## WHAT NEEDS TO BE DONE
Find the line with "Hi friends, welcome" in the entries below, then output every line from it down to the line with "Hello and welcome", exactly and with no pictures.

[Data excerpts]
::::::

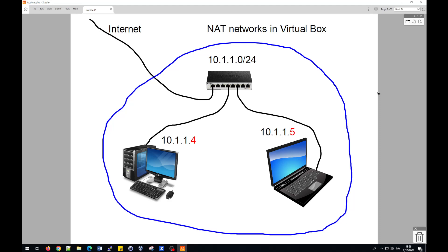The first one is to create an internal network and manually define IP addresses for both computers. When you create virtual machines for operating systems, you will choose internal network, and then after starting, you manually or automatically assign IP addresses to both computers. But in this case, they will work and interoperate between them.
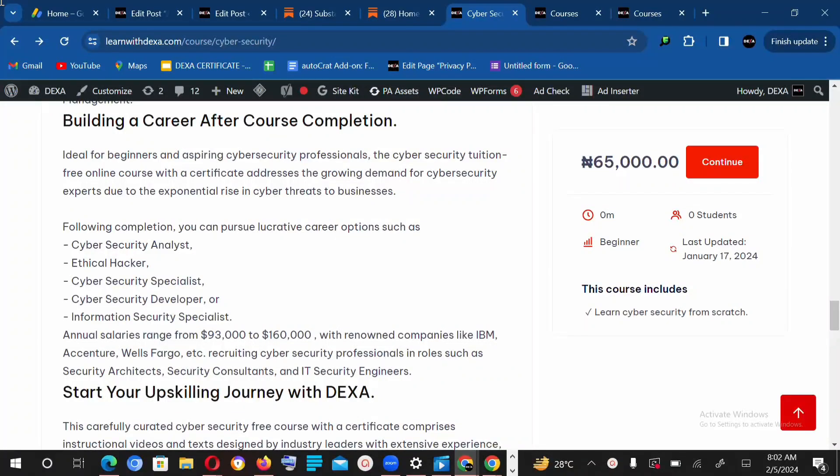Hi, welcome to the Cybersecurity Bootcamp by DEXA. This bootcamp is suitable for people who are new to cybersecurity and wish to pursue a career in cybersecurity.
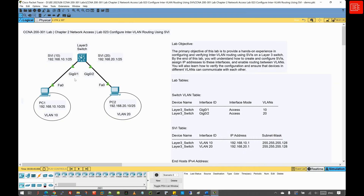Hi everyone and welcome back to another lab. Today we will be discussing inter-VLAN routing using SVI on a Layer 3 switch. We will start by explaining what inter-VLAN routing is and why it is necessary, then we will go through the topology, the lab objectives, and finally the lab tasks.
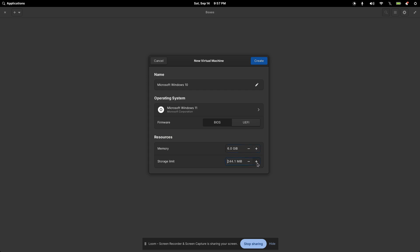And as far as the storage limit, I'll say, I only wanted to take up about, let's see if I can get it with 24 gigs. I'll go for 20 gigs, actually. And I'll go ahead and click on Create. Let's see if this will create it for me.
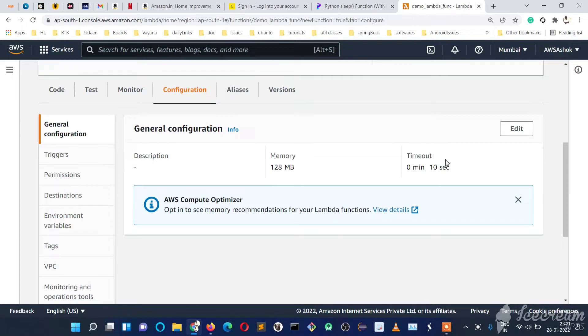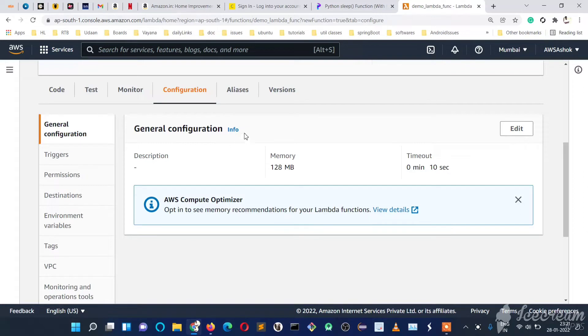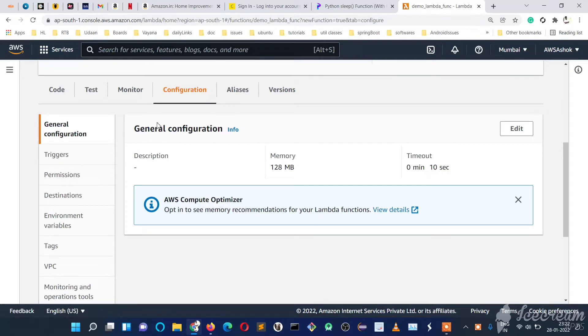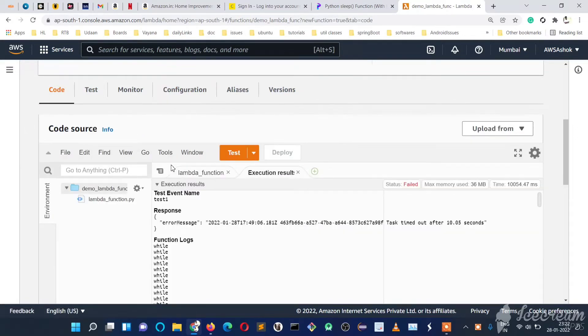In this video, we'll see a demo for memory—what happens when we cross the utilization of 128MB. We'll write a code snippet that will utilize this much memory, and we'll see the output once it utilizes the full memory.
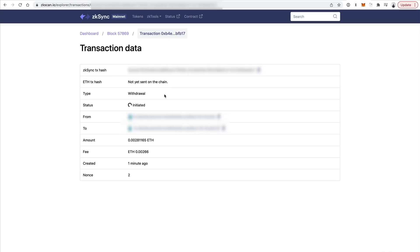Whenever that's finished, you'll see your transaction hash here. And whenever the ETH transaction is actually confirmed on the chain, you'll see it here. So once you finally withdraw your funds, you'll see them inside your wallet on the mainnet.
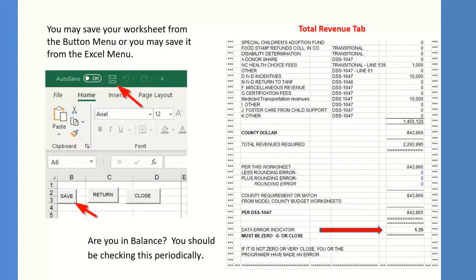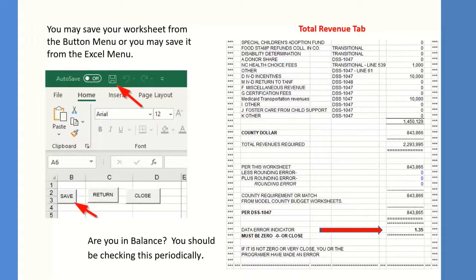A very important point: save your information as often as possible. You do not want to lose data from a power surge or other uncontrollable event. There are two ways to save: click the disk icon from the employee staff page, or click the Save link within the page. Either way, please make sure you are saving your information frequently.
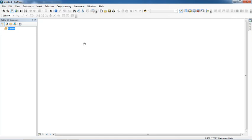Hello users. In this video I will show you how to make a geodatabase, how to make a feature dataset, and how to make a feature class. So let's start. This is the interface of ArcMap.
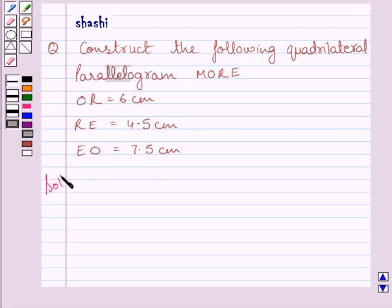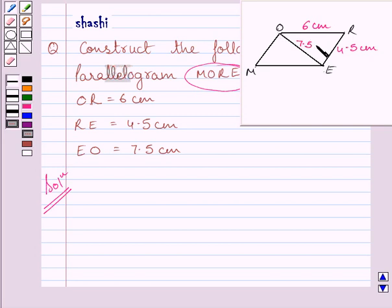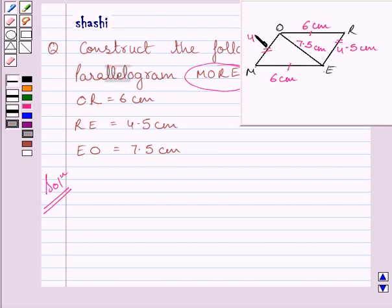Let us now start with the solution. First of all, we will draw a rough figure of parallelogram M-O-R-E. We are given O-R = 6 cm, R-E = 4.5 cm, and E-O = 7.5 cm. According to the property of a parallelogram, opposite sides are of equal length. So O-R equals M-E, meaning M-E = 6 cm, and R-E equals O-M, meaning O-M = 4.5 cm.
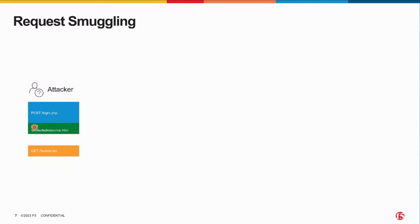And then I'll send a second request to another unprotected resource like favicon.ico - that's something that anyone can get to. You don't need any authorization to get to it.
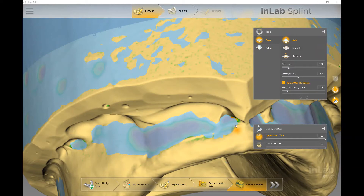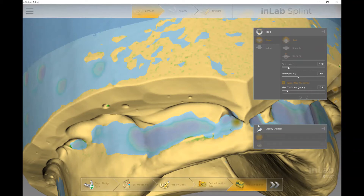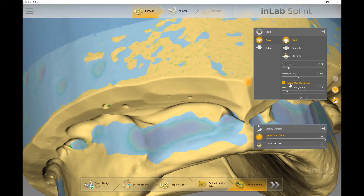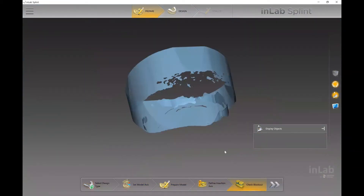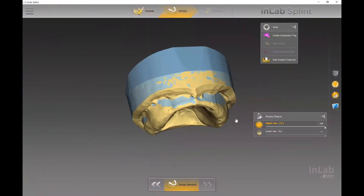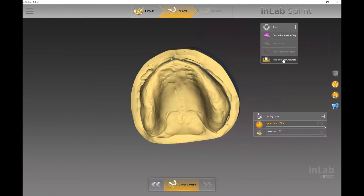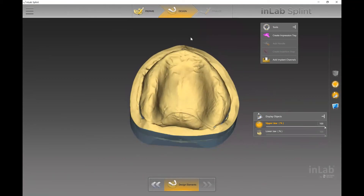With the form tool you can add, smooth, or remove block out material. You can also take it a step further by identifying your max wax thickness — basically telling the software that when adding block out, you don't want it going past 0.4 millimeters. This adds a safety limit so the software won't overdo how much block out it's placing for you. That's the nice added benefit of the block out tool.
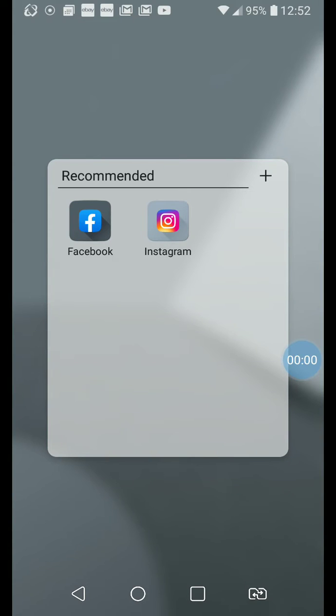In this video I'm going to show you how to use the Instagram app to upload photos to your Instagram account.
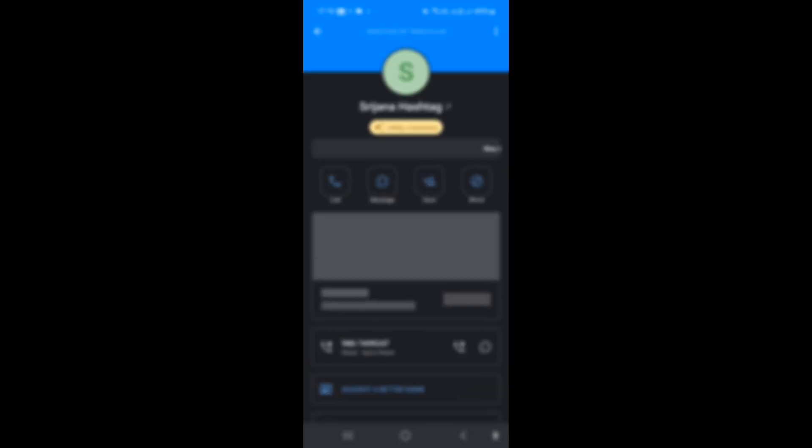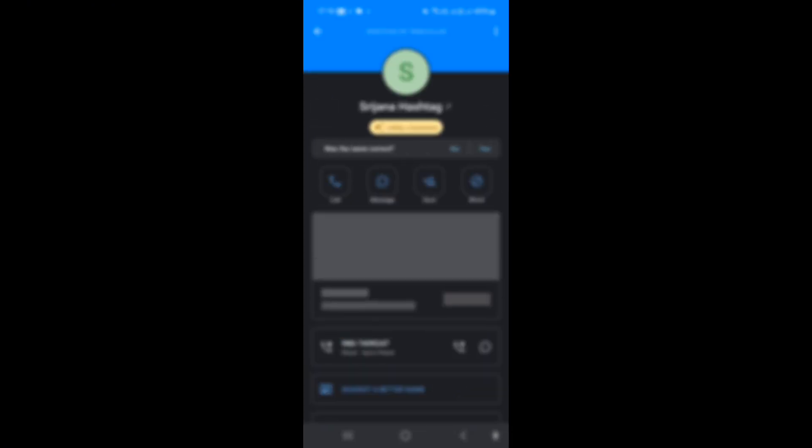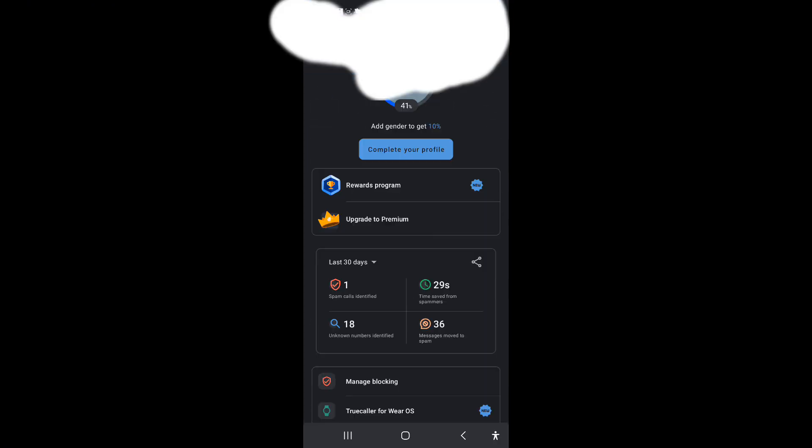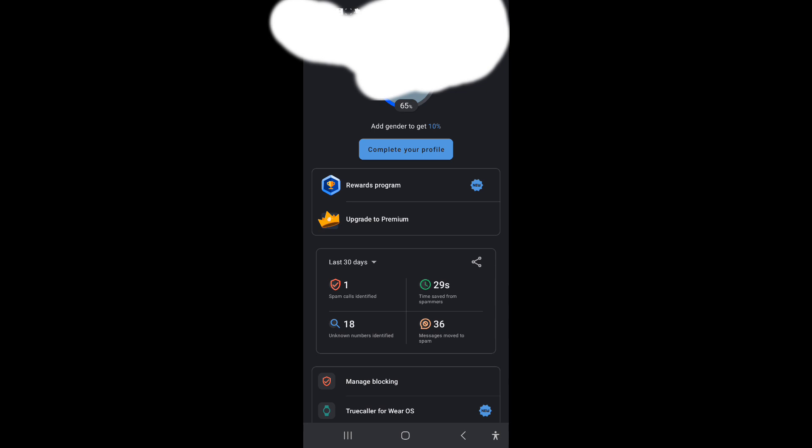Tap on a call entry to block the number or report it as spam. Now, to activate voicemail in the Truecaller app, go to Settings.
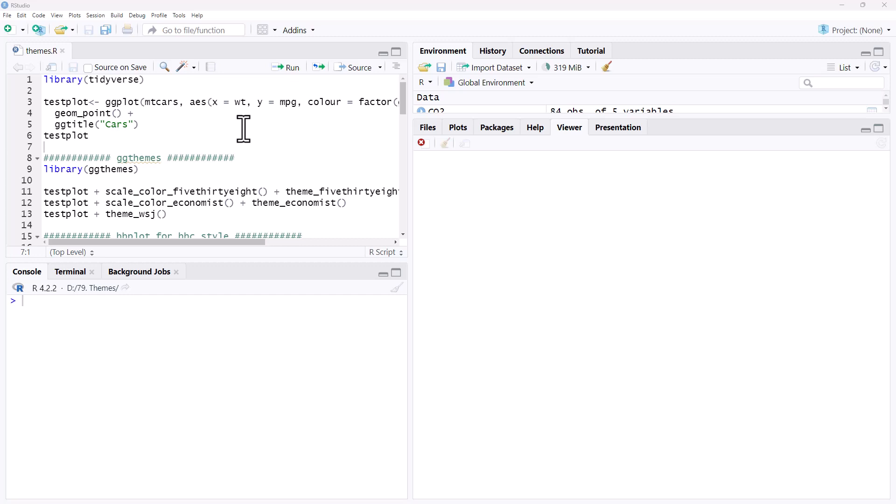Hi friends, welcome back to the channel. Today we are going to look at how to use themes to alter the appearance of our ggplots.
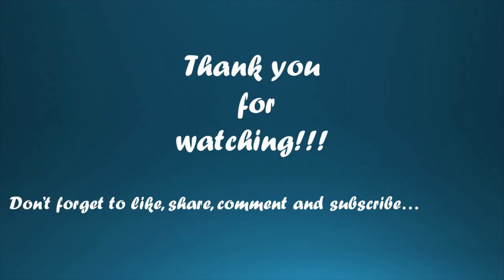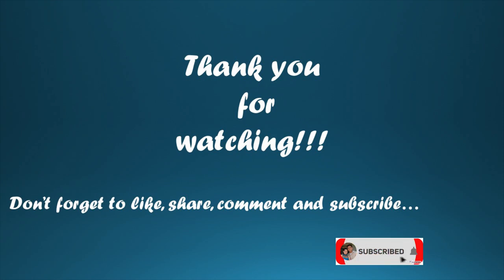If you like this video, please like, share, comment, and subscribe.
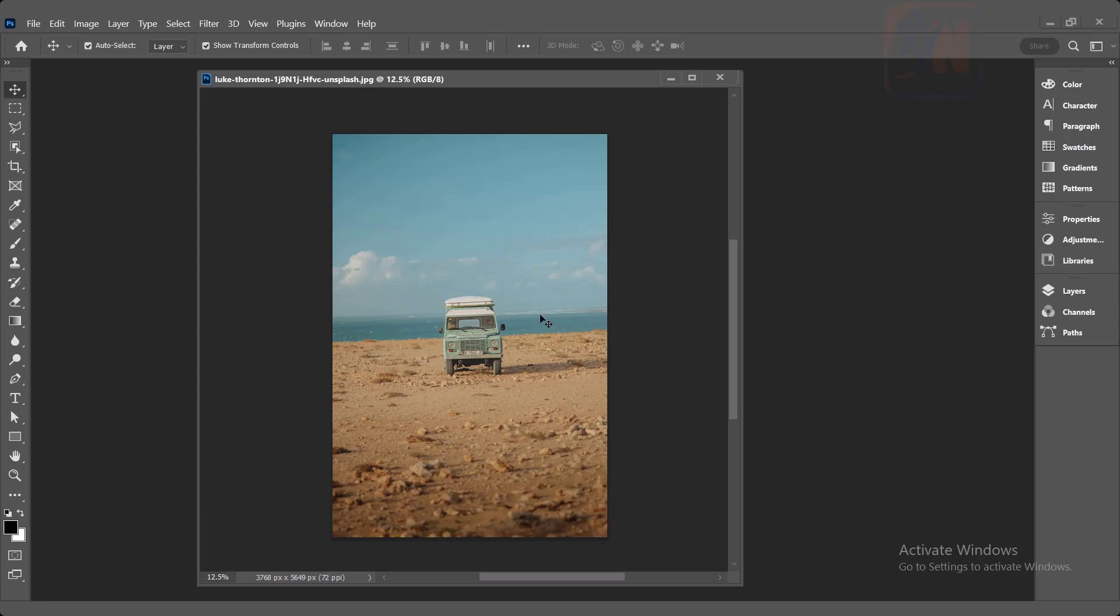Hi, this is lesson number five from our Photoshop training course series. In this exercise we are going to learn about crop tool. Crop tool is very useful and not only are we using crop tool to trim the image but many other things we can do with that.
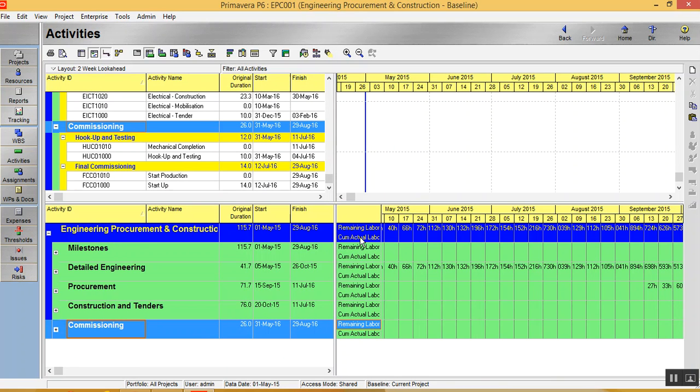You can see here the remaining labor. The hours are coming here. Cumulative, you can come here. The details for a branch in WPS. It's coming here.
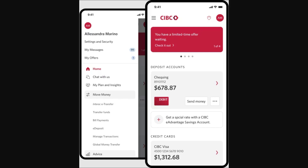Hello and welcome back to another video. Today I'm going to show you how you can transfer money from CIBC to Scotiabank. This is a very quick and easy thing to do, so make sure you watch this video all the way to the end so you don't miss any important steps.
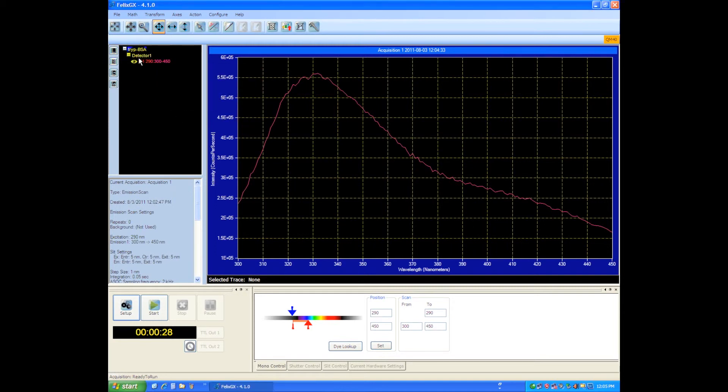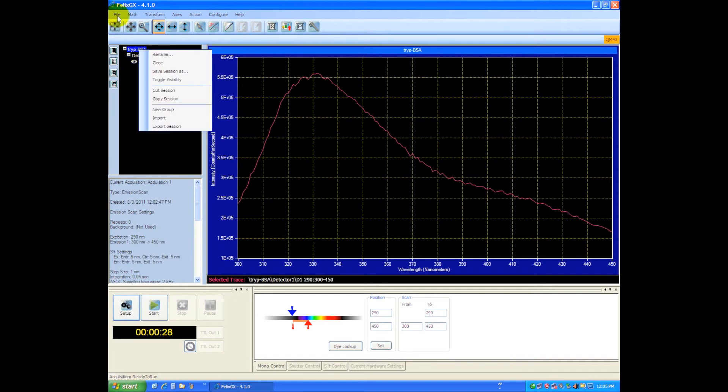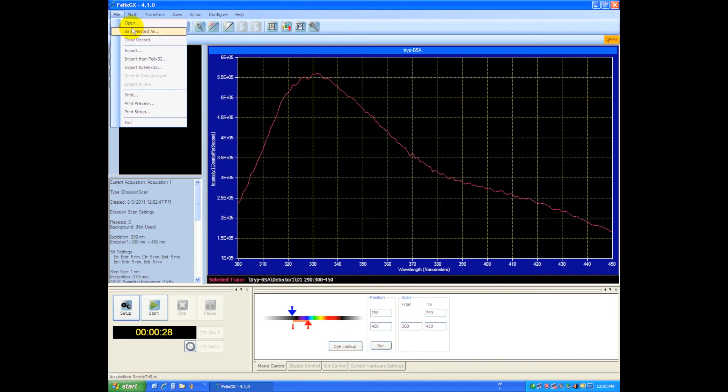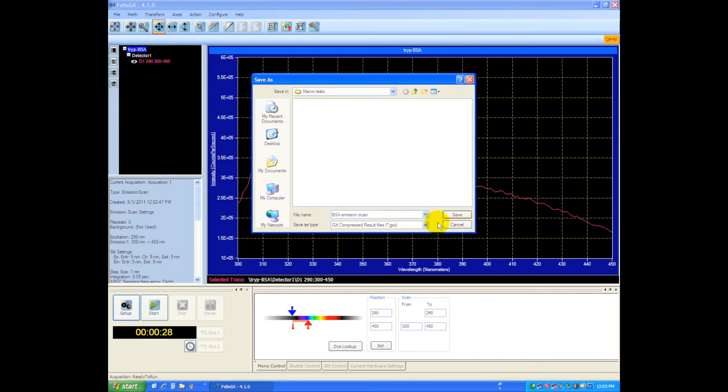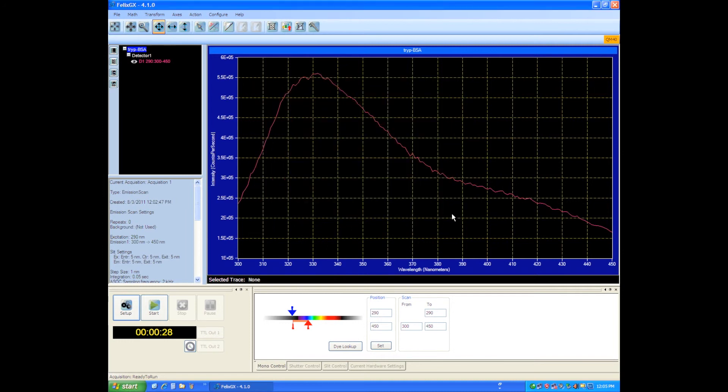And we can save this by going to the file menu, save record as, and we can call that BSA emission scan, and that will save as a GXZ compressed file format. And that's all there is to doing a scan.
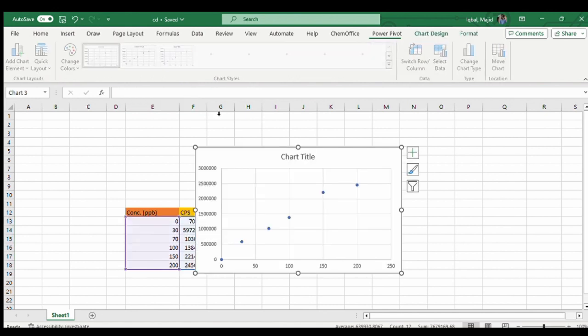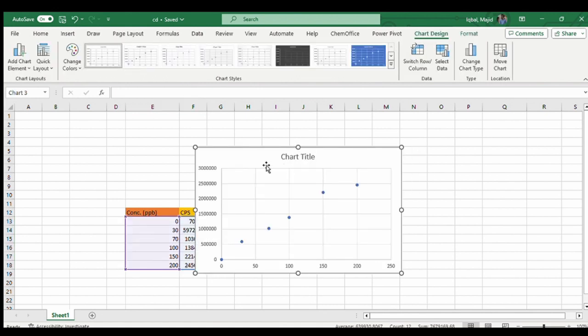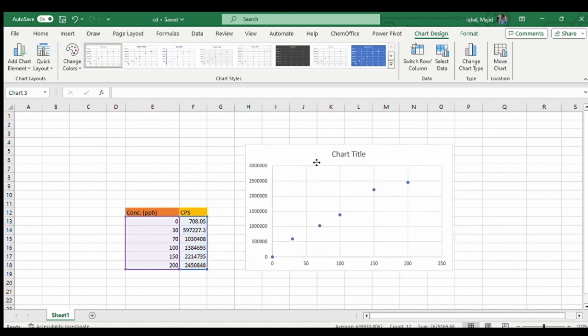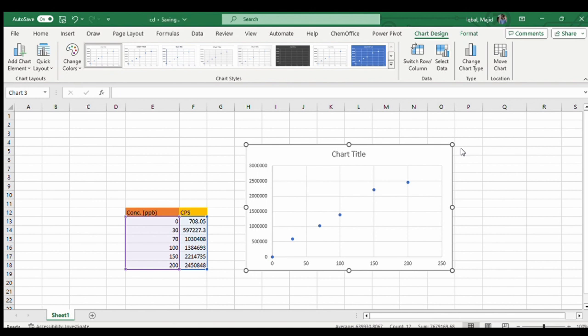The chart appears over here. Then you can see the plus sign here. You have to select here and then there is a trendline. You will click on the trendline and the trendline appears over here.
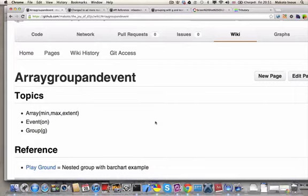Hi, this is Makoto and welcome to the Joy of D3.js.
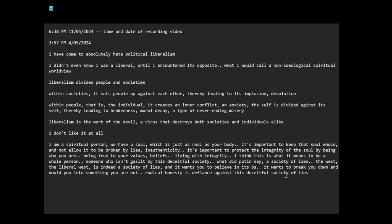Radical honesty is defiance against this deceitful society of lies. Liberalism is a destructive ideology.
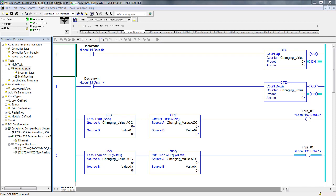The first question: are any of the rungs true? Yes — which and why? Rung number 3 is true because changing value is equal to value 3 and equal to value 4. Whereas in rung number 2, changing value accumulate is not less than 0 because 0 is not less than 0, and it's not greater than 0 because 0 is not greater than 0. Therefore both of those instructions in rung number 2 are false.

::::::

## SOLVED EXERCISE
Hi friends, welcome back to the channel. Today we are going to look at how to use themes to alter the appearance of our ggplots.
If you like this video, please like, share, comment, and subscribe.
Hi, this is lesson number five from our Photoshop training course series. In this exercise we are going to learn about crop tool. Crop tool is very useful and not only are we using crop tool to trim the image but many other things we can do with that.
You can see here the remaining labor. The hours are coming here. Cumulative, you can come here. The details for a branch in WPS. It's coming here.
Hello and welcome back to another video. Today I'm going to show you how you can transfer money from CIBC to Scotiabank. This is a very quick and easy thing to do, so make sure you watch this video all the way to the end so you don't miss any important steps.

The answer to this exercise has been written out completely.